[Openib-windows] RE: Geting remote and locale ip addresses - the functionality

Fab Tillier ftillier at silverstorm.com
Wed Sep 7 15:32:49 PDT 2005


> From: Tzachi Dar [mailto:tzachid at mellanox.co.il]
> Sent: Wednesday, September 07, 2005 1:24 PM
> 
> >From: Fab Tillier [mailto:ftillier at silverstorm.com]
> >Sent: Wednesday, September 07, 2005 9:01 PM
> >
> >> From: Tzachi Dar [mailto:tzachid at mellanox.co.il]
> >> Sent: Wednesday, September 07, 2005 2:46 AM
> >>
> >> The second problem is getting the remote GID from the remote IP. This
> >> information is only known to the IPOIB module. After doing an arp (can be
> >> done easily from user mode and we should have the IP translated to the
> >> remote MAC). To my understanding, all information should already be in
> >> the IPOIB driver as an "endpt" (the function __endpt_mgr_ref should
> >> return it immediately).
> >
> >An alternative to adding IP support to IPoIB is to use the network stack to
> >get us from IP to Ethernet MAC, and then perform a lookup based on that.
> >It is a bit more cumbersome, but certainly possible.
> 
> I believe that this is the straight forward way and this is what should be
> used.
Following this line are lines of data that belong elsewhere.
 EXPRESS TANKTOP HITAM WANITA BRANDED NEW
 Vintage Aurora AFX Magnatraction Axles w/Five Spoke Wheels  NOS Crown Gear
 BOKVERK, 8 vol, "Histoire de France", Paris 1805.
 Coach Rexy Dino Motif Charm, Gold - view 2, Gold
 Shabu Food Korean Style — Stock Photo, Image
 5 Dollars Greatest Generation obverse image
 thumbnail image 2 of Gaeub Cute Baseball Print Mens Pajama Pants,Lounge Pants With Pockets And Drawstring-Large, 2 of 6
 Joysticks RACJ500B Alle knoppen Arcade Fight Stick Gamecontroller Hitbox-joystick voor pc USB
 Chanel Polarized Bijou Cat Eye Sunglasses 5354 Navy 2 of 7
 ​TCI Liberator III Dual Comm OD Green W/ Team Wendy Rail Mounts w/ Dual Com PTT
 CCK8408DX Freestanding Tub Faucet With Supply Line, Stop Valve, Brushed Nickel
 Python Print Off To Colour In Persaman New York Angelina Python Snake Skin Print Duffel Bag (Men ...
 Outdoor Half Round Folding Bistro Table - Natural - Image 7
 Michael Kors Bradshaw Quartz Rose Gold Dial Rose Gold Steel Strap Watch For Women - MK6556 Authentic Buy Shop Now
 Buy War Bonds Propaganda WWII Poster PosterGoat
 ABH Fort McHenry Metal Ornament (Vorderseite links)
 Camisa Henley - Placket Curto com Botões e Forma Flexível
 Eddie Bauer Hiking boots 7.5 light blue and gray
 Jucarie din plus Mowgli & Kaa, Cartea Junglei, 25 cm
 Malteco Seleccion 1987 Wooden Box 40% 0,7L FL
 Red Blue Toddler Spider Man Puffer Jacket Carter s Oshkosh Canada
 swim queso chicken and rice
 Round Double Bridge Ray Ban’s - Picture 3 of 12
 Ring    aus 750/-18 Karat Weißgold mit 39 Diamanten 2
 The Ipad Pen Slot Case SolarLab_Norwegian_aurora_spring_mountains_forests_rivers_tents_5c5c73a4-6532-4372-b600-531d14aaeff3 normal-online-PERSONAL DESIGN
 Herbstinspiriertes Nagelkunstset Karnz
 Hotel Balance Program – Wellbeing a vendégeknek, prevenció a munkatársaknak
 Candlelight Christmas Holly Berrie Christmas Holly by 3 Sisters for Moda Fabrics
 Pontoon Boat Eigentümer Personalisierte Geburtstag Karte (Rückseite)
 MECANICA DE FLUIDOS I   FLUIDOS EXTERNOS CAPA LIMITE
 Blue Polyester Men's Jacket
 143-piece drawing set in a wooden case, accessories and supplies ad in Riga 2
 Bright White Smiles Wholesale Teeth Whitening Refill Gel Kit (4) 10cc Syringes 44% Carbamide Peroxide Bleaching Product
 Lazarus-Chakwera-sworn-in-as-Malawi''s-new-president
Since there is a function that converts the remote IP to a mac
addresses,
> I believe that we should use it and do the remote query based on this arp
> addresses.

I think this makes sense.  We'll just have to do some work with the headers in
the DDK to allow user-mode clients to use the IP Helper functions.  This is
probably minimal.  I think it's just a single header that's missing.  Now, if we
decide to depend on the IP helper library, should we just use that to enumerate
IP addresses rather than providing our own mechanism?

> >> This also rises the question of doing it sync or non sync
> >> (which will make things even more complicated).
> >
> >Assuming we're dealing with IRPs here and not a direct call interface, sync
> >or async is trivial - all we need to do is follow IRP processing rules.  If
> >the request is going to take some time we need to mark the IRP pending and
> >return (this is critical to allow clients to call this at DISPATCH_LEVEL).
> >Once the request completes, complete the IRP.  It is then up to the caller
> >to decide whether to block waiting for a completion or use I/O completion
> >notifications.
> >
> >I would expect that for lookups into the IPoIB adapter's internal cache,
> >the operations would pretty much always complete immediately.  If we ever
> >add logic in IPoIB to send ARPs to resolve missing entries, asynchronous
> >processing will likely be necessary.  In any case, the only requirement
> >on us is that we don't perform any blocking operations in any of the IOCTL
> >paths.
> 
> The function that will convert the remote IP to the remote mac will very
> likely do the arp by itself, so I don't expect any blocking operation.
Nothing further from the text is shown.